Former MEC Qedani Mahlangu in September announced plans by the provincial department to lobby Parliament to declare public health facilities as "national security points" as a way to accord them 24-hour protection to prevent vandalism that could lead to loss of life.
On Saturday, Premier Nomvula Mokonyane said in a statement she had received reports that certain people were deliberately switching off the oxygen supply to patients in intensive-care units and operating theatres.
Ms Mokonyane, who described these acts as murder, is due to visit Chris Hani Baragwanath Hospital tomorrow .

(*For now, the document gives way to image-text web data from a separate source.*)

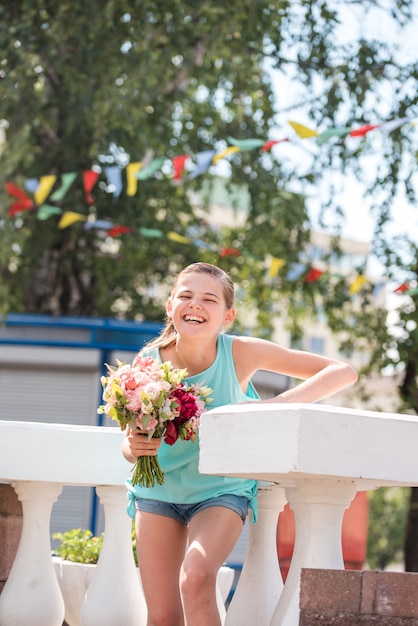 Hermosa mujer joven en una corona de flores con una lila de flores sobre la cara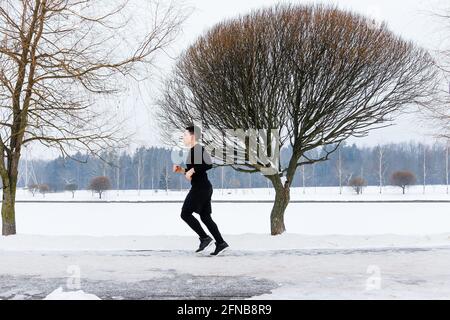 Der junge Mann geht im Winter beim Sport joggen. Stockfoto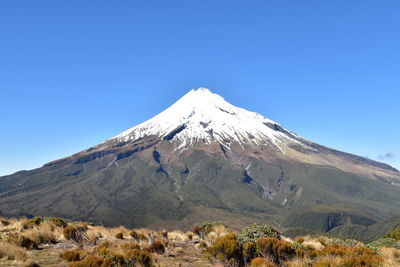 Scenic view of snowcapped mountains against clear blue sky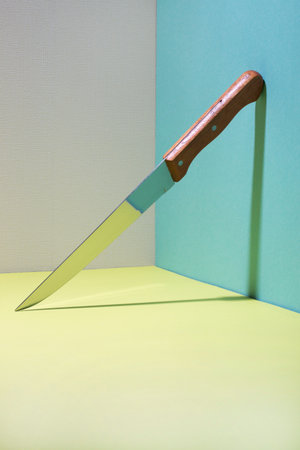 Sharp kitchen knife in the corner on a colored background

On Friday, about 600 workers at the hospital marched and presented a memorandum of grievances that included the disbanding of a certain surgical division and the alleged refusal of the CEO to engage with workers at bargaining forums.
Wage talks between the government and the public service unions were under way and the state had made a "final offer" of a 6,8% rise, which the unions were discussing with their members, said Sizwe Pamla of the National Education, Health and Allied Workers Union.
Ms Mekgwe said that security arrangements at health premises were at an "engagement level with all stakeholders involved" but Gauteng would not compromise or tolerate any security breaches.
"Firstly, we are engaging with security companies to ensure that they do the job that they are procured to do," she said.
Ms Mekgwe unveiled a R25,2b n budget but lamented the funds were not enough for the 11,19-million people in Gauteng who constitute 22,4% of the national population. But R7bn was allocated to district health services, an increase of 18%.
Members of the health and social development portfolio committee said there was a continuous under- funding of R2bn by the Treasury.
"The R2bn must be found somewhere," committee chairman Molebatsi Bopape said.
The Democratic Alliance’s Jack Bloom said: "There was considerable overspending and underspending across various sections of the department last year", which explained why the Treasury cut some of the funds. "Remember that this is a department that received a disclaimer from the auditor-general report and underspent R66m last year," Mr Bloem said.
Ms Bopape surprised members of her committee when she said that the Gauteng Shared Services Centre must be prevented from providing services to the department.
But Ms Bopape later said the statement was made in her personal capacity and did not form part of the portfolio committee report.